**LISTED ENTRIES**
[Start of Attachment]
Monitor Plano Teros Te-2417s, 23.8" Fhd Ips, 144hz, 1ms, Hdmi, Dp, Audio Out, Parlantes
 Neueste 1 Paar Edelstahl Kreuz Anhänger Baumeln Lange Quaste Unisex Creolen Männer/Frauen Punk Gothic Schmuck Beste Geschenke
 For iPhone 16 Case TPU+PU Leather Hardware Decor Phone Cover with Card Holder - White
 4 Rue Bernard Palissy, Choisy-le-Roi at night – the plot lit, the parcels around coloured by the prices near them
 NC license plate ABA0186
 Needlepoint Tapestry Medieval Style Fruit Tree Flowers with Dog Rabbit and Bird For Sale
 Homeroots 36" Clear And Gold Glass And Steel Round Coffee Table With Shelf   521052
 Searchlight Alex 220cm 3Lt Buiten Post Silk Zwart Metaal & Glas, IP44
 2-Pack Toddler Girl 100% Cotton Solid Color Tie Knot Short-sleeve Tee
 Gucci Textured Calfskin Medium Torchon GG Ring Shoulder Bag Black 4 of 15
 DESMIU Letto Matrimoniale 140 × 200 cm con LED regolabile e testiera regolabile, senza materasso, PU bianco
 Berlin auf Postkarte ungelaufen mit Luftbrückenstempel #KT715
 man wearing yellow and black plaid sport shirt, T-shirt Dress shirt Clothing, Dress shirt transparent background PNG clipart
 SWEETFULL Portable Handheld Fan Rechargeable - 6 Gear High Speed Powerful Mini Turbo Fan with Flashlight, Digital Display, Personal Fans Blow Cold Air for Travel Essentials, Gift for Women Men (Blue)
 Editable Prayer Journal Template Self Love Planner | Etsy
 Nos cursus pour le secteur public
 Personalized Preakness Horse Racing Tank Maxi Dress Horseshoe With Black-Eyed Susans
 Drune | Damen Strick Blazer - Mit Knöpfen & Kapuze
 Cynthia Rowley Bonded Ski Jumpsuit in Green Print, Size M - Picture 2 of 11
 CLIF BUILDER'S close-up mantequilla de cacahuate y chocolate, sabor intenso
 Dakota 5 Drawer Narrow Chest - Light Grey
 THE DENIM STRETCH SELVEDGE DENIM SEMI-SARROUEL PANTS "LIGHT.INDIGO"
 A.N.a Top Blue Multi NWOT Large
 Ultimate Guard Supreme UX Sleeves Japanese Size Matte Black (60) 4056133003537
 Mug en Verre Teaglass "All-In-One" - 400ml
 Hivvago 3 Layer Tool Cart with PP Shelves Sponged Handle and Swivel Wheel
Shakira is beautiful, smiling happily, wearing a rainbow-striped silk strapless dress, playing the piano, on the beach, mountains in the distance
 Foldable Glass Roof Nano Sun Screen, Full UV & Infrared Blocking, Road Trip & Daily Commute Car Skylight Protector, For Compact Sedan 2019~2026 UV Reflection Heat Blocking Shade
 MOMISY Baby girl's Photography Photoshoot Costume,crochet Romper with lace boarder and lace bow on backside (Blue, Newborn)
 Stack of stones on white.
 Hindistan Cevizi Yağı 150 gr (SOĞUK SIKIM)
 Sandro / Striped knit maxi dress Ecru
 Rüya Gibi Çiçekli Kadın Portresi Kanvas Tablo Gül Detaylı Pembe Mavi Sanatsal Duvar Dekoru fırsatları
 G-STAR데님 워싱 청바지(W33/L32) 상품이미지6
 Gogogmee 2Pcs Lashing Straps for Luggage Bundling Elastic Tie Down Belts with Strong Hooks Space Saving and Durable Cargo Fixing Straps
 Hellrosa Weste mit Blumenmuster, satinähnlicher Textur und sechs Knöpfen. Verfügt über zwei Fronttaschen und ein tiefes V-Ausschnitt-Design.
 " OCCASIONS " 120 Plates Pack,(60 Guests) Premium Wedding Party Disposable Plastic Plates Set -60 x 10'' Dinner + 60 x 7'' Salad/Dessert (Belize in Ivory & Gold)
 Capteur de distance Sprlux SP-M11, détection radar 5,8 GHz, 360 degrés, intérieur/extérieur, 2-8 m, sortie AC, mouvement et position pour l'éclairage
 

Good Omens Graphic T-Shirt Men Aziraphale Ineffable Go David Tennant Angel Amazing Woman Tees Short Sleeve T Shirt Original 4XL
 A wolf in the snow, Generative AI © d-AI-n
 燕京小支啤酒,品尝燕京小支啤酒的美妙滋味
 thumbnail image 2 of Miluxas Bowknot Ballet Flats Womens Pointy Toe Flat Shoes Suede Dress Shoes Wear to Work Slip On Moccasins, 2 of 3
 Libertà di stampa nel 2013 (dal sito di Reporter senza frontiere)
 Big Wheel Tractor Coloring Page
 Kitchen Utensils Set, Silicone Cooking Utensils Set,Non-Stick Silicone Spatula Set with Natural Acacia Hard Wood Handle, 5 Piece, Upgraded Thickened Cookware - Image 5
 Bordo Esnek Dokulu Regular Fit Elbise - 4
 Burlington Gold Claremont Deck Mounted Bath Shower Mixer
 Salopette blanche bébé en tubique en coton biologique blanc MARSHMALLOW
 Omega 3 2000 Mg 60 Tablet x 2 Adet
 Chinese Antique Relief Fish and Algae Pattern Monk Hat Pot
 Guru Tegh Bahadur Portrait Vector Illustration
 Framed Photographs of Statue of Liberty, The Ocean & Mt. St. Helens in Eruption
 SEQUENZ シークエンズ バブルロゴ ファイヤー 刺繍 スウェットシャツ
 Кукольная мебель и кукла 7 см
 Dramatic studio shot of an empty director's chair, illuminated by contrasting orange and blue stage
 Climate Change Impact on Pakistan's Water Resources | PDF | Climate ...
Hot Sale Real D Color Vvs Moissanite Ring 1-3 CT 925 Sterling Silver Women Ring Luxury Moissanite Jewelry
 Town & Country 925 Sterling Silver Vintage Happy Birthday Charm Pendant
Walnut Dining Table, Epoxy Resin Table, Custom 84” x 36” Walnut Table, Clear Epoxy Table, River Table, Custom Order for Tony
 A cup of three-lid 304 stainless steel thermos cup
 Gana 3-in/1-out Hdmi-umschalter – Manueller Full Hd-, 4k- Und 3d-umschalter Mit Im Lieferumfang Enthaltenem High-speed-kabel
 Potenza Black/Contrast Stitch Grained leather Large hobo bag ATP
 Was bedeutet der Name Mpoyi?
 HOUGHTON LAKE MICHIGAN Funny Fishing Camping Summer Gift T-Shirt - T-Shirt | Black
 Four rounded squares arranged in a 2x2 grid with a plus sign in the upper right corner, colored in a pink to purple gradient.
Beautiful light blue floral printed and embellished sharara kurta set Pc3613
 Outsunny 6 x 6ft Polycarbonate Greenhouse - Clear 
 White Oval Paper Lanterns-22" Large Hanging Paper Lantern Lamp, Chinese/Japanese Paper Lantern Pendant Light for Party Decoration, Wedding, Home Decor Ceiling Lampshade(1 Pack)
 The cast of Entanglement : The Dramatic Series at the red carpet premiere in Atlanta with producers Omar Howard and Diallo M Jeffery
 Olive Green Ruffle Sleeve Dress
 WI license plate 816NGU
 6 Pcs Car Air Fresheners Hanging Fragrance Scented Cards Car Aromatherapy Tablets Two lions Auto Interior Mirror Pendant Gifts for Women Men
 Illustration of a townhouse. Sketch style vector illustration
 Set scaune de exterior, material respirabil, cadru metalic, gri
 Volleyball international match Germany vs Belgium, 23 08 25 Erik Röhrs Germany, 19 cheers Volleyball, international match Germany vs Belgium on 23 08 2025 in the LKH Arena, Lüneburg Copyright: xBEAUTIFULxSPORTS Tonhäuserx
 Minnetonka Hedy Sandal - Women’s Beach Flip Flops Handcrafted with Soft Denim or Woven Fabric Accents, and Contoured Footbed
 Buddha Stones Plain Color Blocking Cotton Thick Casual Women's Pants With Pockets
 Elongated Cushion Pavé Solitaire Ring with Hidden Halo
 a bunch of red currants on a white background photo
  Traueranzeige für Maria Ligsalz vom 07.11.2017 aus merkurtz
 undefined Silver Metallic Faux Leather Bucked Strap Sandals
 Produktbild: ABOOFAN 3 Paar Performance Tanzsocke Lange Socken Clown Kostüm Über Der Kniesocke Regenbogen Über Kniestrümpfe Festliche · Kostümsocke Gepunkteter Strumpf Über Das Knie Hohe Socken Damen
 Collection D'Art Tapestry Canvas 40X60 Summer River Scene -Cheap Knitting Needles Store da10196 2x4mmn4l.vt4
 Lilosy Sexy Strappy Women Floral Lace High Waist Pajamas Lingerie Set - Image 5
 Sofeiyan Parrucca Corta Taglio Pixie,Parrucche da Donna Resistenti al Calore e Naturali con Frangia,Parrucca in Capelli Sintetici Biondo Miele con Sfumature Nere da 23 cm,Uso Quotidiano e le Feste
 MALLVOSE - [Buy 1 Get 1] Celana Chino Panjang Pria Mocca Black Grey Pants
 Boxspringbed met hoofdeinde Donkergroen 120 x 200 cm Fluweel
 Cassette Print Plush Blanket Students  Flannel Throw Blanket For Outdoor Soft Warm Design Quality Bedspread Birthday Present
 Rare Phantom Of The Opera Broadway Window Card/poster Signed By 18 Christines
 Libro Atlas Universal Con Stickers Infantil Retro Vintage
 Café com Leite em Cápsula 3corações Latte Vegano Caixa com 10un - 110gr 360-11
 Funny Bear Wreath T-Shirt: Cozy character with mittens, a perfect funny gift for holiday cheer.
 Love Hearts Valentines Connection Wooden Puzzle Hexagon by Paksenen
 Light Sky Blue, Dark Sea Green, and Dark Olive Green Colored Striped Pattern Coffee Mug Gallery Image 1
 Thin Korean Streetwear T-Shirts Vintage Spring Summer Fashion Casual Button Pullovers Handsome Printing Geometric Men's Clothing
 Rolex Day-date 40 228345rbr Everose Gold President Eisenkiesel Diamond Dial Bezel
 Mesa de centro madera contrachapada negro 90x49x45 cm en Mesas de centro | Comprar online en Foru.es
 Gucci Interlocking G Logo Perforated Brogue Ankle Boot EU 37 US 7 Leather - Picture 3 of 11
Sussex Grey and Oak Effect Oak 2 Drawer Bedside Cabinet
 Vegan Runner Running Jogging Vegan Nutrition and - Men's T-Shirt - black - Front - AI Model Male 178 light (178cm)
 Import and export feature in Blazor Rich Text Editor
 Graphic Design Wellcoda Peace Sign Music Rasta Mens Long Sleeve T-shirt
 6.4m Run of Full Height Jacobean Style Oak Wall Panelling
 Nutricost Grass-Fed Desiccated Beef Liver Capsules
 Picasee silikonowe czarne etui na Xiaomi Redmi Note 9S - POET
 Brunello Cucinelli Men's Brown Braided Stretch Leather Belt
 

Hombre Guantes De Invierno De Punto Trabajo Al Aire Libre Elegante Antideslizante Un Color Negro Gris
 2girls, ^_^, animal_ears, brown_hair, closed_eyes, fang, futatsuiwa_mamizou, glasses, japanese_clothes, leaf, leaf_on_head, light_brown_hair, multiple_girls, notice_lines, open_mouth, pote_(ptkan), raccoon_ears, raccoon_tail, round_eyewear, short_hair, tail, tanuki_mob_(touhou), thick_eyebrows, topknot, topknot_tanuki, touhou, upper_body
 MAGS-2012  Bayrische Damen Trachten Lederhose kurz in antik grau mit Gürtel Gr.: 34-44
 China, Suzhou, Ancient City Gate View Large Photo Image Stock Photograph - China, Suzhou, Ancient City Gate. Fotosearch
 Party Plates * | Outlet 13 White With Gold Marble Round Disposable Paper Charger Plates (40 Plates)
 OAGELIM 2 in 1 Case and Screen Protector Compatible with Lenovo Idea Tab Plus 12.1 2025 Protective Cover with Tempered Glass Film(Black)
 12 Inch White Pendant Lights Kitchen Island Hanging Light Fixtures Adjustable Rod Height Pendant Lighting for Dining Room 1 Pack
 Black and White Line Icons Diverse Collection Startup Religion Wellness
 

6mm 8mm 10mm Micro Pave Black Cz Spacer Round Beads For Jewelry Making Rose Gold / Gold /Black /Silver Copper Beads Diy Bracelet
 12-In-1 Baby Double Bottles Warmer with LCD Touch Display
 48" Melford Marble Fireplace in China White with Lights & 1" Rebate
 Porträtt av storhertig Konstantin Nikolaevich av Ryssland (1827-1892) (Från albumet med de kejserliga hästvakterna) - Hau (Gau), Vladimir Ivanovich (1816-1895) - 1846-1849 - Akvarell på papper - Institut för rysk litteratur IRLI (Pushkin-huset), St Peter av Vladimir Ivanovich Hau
[End of Attachment]
**TASK PROMPT**
Retype exactly the lines from the start of the entries through the one with "A.N.a Top Blue Multi NWOT Large"; include both ends.

**OUTPUT OF THE TASK**
Monitor Plano Teros Te-2417s, 23.8" Fhd Ips, 144hz, 1ms, Hdmi, Dp, Audio Out, Parlantes
 Neueste 1 Paar Edelstahl Kreuz Anhänger Baumeln Lange Quaste Unisex Creolen Männer/Frauen Punk Gothic Schmuck Beste Geschenke
 For iPhone 16 Case TPU+PU Leather Hardware Decor Phone Cover with Card Holder - White
 4 Rue Bernard Palissy, Choisy-le-Roi at night – the plot lit, the parcels around coloured by the prices near them
 NC license plate ABA0186
 Needlepoint Tapestry Medieval Style Fruit Tree Flowers with Dog Rabbit and Bird For Sale
 Homeroots 36" Clear And Gold Glass And Steel Round Coffee Table With Shelf   521052
 Searchlight Alex 220cm 3Lt Buiten Post Silk Zwart Metaal & Glas, IP44
 2-Pack Toddler Girl 100% Cotton Solid Color Tie Knot Short-sleeve Tee
 Gucci Textured Calfskin Medium Torchon GG Ring Shoulder Bag Black 4 of 15
 DESMIU Letto Matrimoniale 140 × 200 cm con LED regolabile e testiera regolabile, senza materasso, PU bianco
 Berlin auf Postkarte ungelaufen mit Luftbrückenstempel #KT715
 man wearing yellow and black plaid sport shirt, T-shirt Dress shirt Clothing, Dress shirt transparent background PNG clipart
 SWEETFULL Portable Handheld Fan Rechargeable - 6 Gear High Speed Powerful Mini Turbo Fan with Flashlight, Digital Display, Personal Fans Blow Cold Air for Travel Essentials, Gift for Women Men (Blue)
 Editable Prayer Journal Template Self Love Planner | Etsy
 Nos cursus pour le secteur public
 Personalized Preakness Horse Racing Tank Maxi Dress Horseshoe With Black-Eyed Susans
 Drune | Damen Strick Blazer - Mit Knöpfen & Kapuze
 Cynthia Rowley Bonded Ski Jumpsuit in Green Print, Size M - Picture 2 of 11
 CLIF BUILDER'S close-up mantequilla de cacahuate y chocolate, sabor intenso
 Dakota 5 Drawer Narrow Chest - Light Grey
 THE DENIM STRETCH SELVEDGE DENIM SEMI-SARROUEL PANTS "LIGHT.INDIGO"
 A.N.a Top Blue Multi NWOT Large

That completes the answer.